New refineries add to Asian gasoline supply
Asia-Pacific gasoline supplies are likely to increase in 2018 as new refining capacity comes on line in China, Vietnam and the Middle East.
China, a net exporter of gasoline, is on course to boost its shipments even further following the addition of 460,000 b/d of new refining capacity in recent months, while supply tightness in Vietnam will ease as the country’s new 200,000 b/d Nghi Son refinery starts up in 2018.
State-controlled PetroChina began commercial operations at its 260,000 b/d Anning refinery in southwest China’s Yunnan province at the end of August. The full impact will only felt at the end of 2017 or in 2018, when the refinery ramps up completely. Anning will be able to produce up to 77,000 b/d of gasoline at peak operations.

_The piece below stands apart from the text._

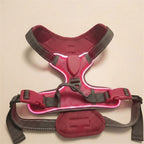 LED dog harness, illuminated light edging, adjustable quick release, Rose Red, studio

Fellow state-controlled Chinese energy firm CNOOC brought on line a 200,000 b/d expansion at its flagship 240,000 b/d Huizhou refinery in September and has been ramping up its gasoline exports since then. CNOOC offered five medium-range size cargoes for December — three from Dongguan and two from Dagang. It offered six cargoes for November loading after offering only up to three cargoes for October. The expansion will enable Huizhou to produce up to 100,000 b/d of gasoline.
The start-up of the new capacity will increase China’s total gasoline output. Production has already been growing steadily in recent years as new refineries come on line, and hit around 3mn b/d in January-October, up from 2.9mn b/d in the same period in 2016.
But the impact on gasoline prices still depends largely on the government’s export quotas and the country’s gasoline demand, which determine how much of the additional production is pushed into exports markets. The country’s gasoline demand was around 2.8mn b/d in the first 10 months of 2017, compared to about 2.7mn b/d in the same period a year earlier. Net exports were 230,000 b/d in the period, up by 8.8pc from a year earlier.
Vietnam adds capacity
Further south, the new 200,000 b/d Nghi Son refinery in Vietnam’s Thanh Hoa province is scheduled to start up in 2018. The refinery was completed in April 2017, but a delay to the plant’s utility work has pushes back its commissioning.
Vietnam is currently a net importer of gasoline. Its sole refinery, the 145,000 b/d Dung Quat plant in Quang Ngai province, produces enough of the fuel to meet only about 30pc of domestic requirements. Dung Quat supplies about 23,000-46,000 b/d of gasoline, against domestic demand of around 115,750-140,000 b/d, according to operator state-owned PetroVietnam.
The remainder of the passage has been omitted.